また、果汁量の高い商品はあまりレモンサワーRTDになく、果汁感ある本格的な味わいがリピート購入にもつながったのでしょう。

関連記事 ポジショニングって何?知っておくべき意味と成功のポイント

ポジショニングって何?知っておくべき意味と成功のポイント
ポジショニングとは、「競合に勝てる土俵を探すこと」です。本記事ではポジショニングとは何か、競合に勝てるポジショニングの探し方を、企業事例を用いながらわかりやすく解説します。

檸檬堂ヒットの理由③ コンセプトを貫いたマーケティングミックス(4P)戦略

戦略は実行できなければ机上の空論になってしまいます。
そこで、考えたマーケティング戦略(What)をどうやって実行するか(How)を考えることを「マーケティングミックス(4P)」といいます。

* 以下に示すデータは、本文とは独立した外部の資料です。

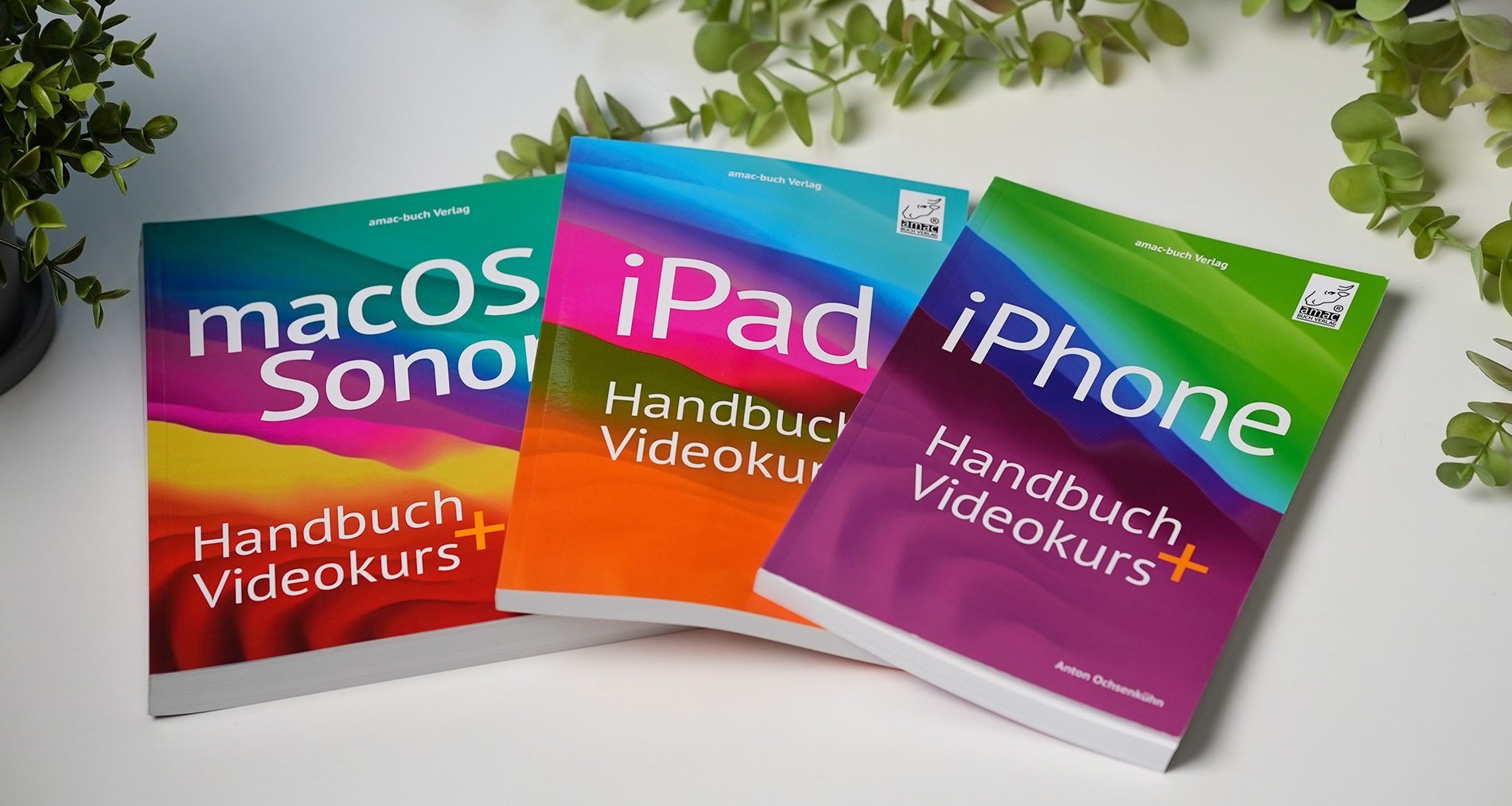 Hier sind alle drei Bücher für Mac, iPhone und iPad zu sehen – optisch an die entsprechenden Betriebssystemhintergründe angelehnt.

以下4つの観点から、戦略の「How」を考えていくという考え方です。

マーケティングミックス(4P)の4つの観点

  • Product:製品
  • Price:価格
  • Place:流通
  • Promotion:広告宣伝」

関連記事 マーケティングミックス(4P)とは?実際に活用する方法【保存版】

マーケティングミックス(4P)とは?実際に活用する方法【保存版】
マーケティングミックスとは、顧客にどうやって買ってもらうかを4つの観点で考えることです。実際にマーケティングミックスを使うコツや、活用事例について詳しく解説していきます。

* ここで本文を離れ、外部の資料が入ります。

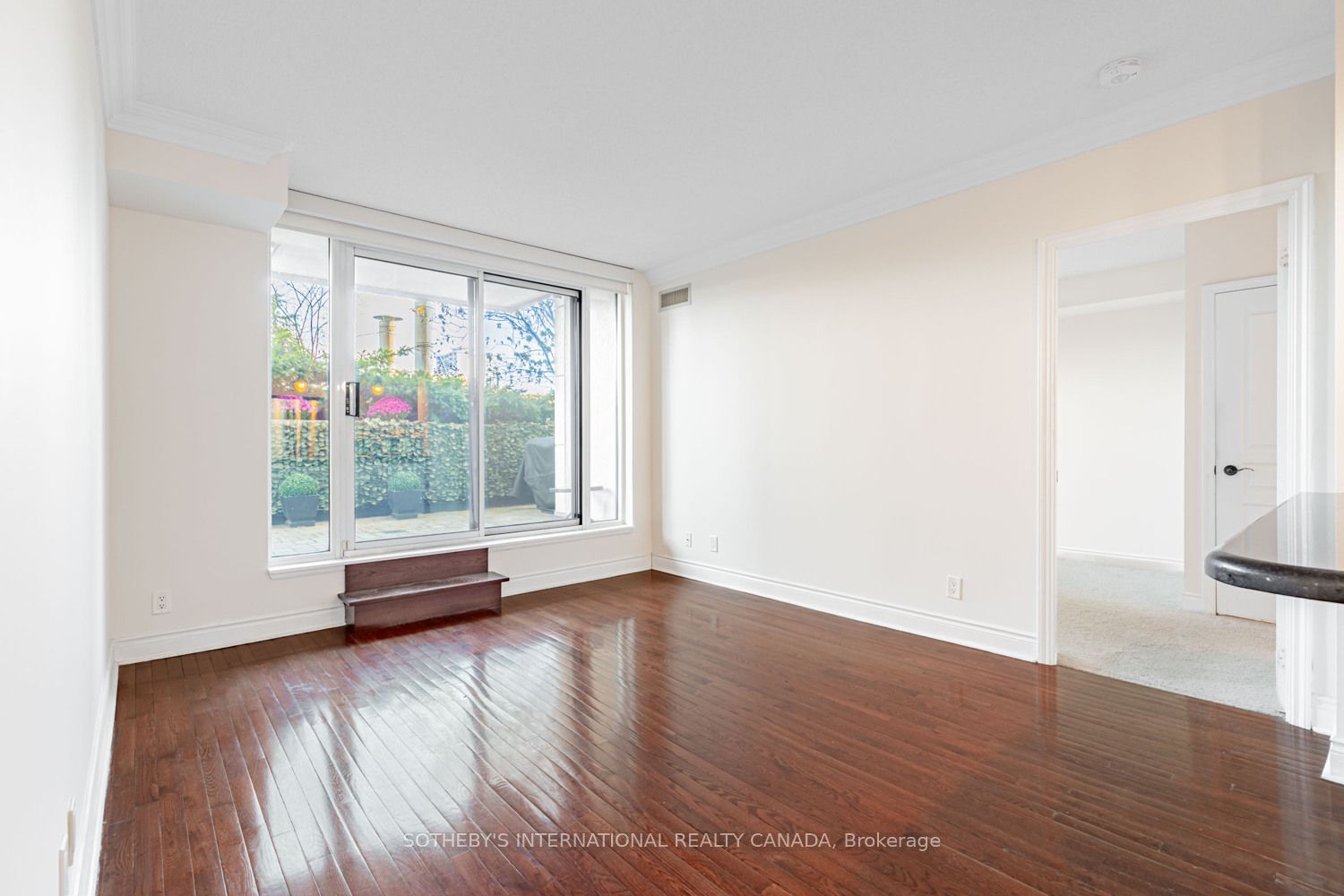 10 Delisle Avenue 327, Toronto, ON M4V 3C6 photo 3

檸檬堂は、このマーケティングミックス(4P)においても「お店で飲むような本格的なレモンサワー」という戦略を一貫して実行していきます。

 『檸檬堂』マーケティングミックス

※檸檬堂の商品訴求を基に筆者作成

「Product(製品)」では、居酒屋の雰囲気を表現したパッケージが競合と一線を画しました。また、レモンサワーに絞ったフレーバーやアルコール度数のバリエーションを増やし、幅広い嗜好を取り込んでいます。

そして、このレモンサワーに絞ったラインナップは店頭での存在感(プレゼンス)を高め、消費者の目に留まりやすい販売戦略にもつながりました。

広告宣伝においては、雰囲気のある居酒屋で、阿部寛さんが提供するこだわりのレモンサワーを女性が1人落ち着いて飲むというものです。
果実感や爽快感を訴求した他社商品とは異なる印象を与えています。

 『檸檬堂』全国発売時コマーシャル

檸檬堂ヒットの理由 まとめ

本記事をまとめると、日本コカ・コーラが初めて発売したアルコール飲料「檸檬堂」がヒットした理由は以下3点と考えられます。

 『檸檬堂』の改良がヒットした3つのポイント

  • 一見難しそうな「レモンサワー」市場の選択
  • 競合と一線を画した独自のポジショニング
  • コンセプトを貫いたマーケティングミックス(4P)戦略

市場の選択、徹底したマーケティング分析による差別化戦略、一貫性のある戦略の実行と、まさにマーケティング戦略の基本を忠実に実行したお手本のような事例でした。

以上、檸檬堂のヒット成功の背景について解説しました。